Report on child poverty raises awareness in Georgia
By Etuna Tsotniashvili
Thursday, July 19
Overall poverty in Georgia has decreased, but 77, 000 children under 16 are living in extreme poverty, UNICEF says. A presentation of the UNICEF discussion paper, entitled Georgia: Reducing Child Poverty, was held yesterday and revealed that the number of households below the relative poverty line fell from 24 to 22 percent between 2009 and 2011.
“We have done several studies and have found that the overall situation of children really [has] improved– better health, better education and so on. Though our studies show that poverty has been reduced, including extreme poverty, there are still too many children who live in poverty,” Roenald Monasch, UNICEF Representative in Georgia told The Messenger. “We have also found out that protection mechanisms by the government, pensions, targeted social assistance and social insurance are very powerful– especially pensions, but not enough attention is given to children. So today we are highlighting that children’s poverty should also be reduced as they are the generation of the future,” he added.
Monasch says that additional investment is required to protect the most vulnerable children in Georgia, and says that the primary way to address poverty is to further expand the economy with equal opportunities for all. “The tendency is going down in terms of poverty. Georgia’s economy continues to grow but not everybody benefits from it. So we talk about inclusive growth so that everybody receives the benefits,” he said.

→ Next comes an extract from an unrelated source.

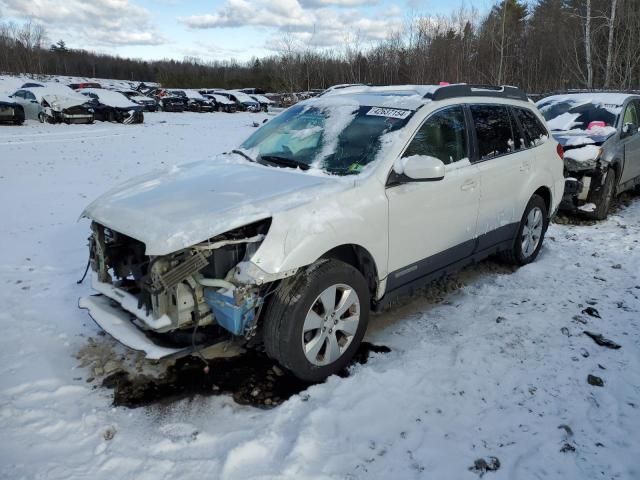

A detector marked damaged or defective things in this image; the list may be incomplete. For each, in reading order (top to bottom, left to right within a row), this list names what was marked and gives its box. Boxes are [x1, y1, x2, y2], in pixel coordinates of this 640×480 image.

crumpled hood [84, 158, 350, 255]
dark damaged car [536, 92, 640, 219]
damaged front end [79, 219, 272, 358]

“Despite the fact that the study shows positive tendencies in terms of poverty reduction in Georgia, we all know very well that a lot of families are living beyond the poverty line and they need the government’s support. That is why the pensions are regularly increasing, health insurance packages are being issued and we have special programs for social protection. The study emphasizes that more attention needs to be focused on families where there are children and we the government, will do our best to find more ways in order to assist those children,” Zurab Tschiaberashvili, Minister of Health told the media.
Aaron Greenberg, UNICEF Georgia Child Protection Chief says: “The government of Georgia is committed to social protection in this country. The question is how can these investments they are providing better focus on poor families who are raising children? At the moment, the vast majority of social protection goes to old people. This is fine of course and older people have a right to social protection, we are not challenging pensions, but we are saying that any new initiative has to take children into consideration. Georgia has to invest in its future.”
Public Defender George Tugushi says that it is now a new fact that children are most frequently suffering from poverty. Tugushi has talked about the children living in poor conditions and highlighted that the government should carry out preventive measures to ensure them from further problems. Tugushi has stressed that these children who are those who are physically disabled. According to him, such children need a lot of attention, as this problem in most cases cause the family a financial crisis, as a result of which, children exist in poor conditions.
The discussion paper presents a range of policy options to address child poverty in the next three to five years. In all these policy options (an increase in targeted social assistance benefits, an increase in the number of targeted social assistance beneficiaries and the introduction of universal child benefits), a special focus is made on prioritizing social protection for children. The paper draws upon a larger report, the Well-Being of Children and Their Families in Georgia – Georgia Welfare Monitoring Survey Second Stage 2011, prepared in cooperation with the University of York, United Kingdom and the institute of Social Studies and Analysis of Georgia.